L’expression de soi comme acte féministe

Analyser les aspects autobiographiques dans le cinéma de Chantal Akerman

Ecrit Par Nozhat Badi

Dans le sondage du 2012 du magazine «Sight and Sound», dans la liste des 100 meilleurs films du choix des critiques, on ne voit que les noms des œuvres de deux cinéastes femmes. L’une d’elles est Chantal Akerman, l’une des cinéastes féministes les plus importantes au monde. En 2022, pour la première fois, le film de Jeanne Dielman, 23, quai du Commerce, 1080 Bruxelles (1975) arrive en tête de liste des critiques, devant Vertigo (1958) et Citizen Kane (1941).
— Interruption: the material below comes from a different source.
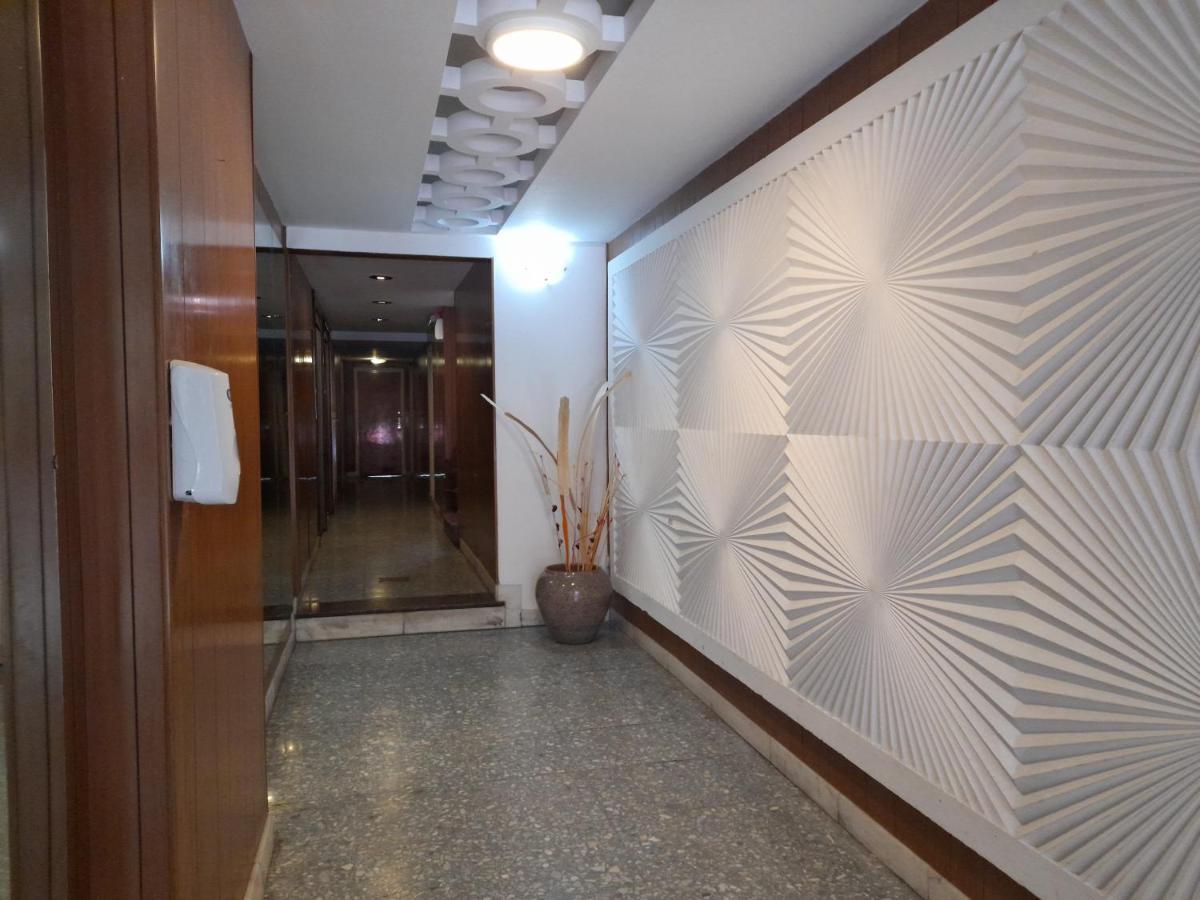 Lo Que Ud. Necesita. Apartment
Bien que ses œuvres sont avant-garde et expérimentales, elles peuvent également être considérées comme des autobiographies d’Akerman: une sorte de confession où elle parle d’elle-même pour parler des femmes. Face aux femmes incompréhensibles des films d’Akerman, on sent qu’elle a toujours essayé d’exprimer cette part inexprimable de son existence à travers les femmes de ses œuvres. Dans cet article, j’analyse l’expression de soi comme un acte féministe à travers le lien entre la vie personnelle d’Akerman et ses œuvres cinématographiques. Chacun des films d’Akerman présente un aspect autoréférentiel sur sa vie, et elle tente de se confronter à travers ses œuvres. «La vie d’Akerman est son œuvre, et son travail est sa vie, et tous ses proches font partie de son travail”, déclare Aurora Coleman, qui joue le rôle d’Anna dans le film Les rendez-vous d’Anna.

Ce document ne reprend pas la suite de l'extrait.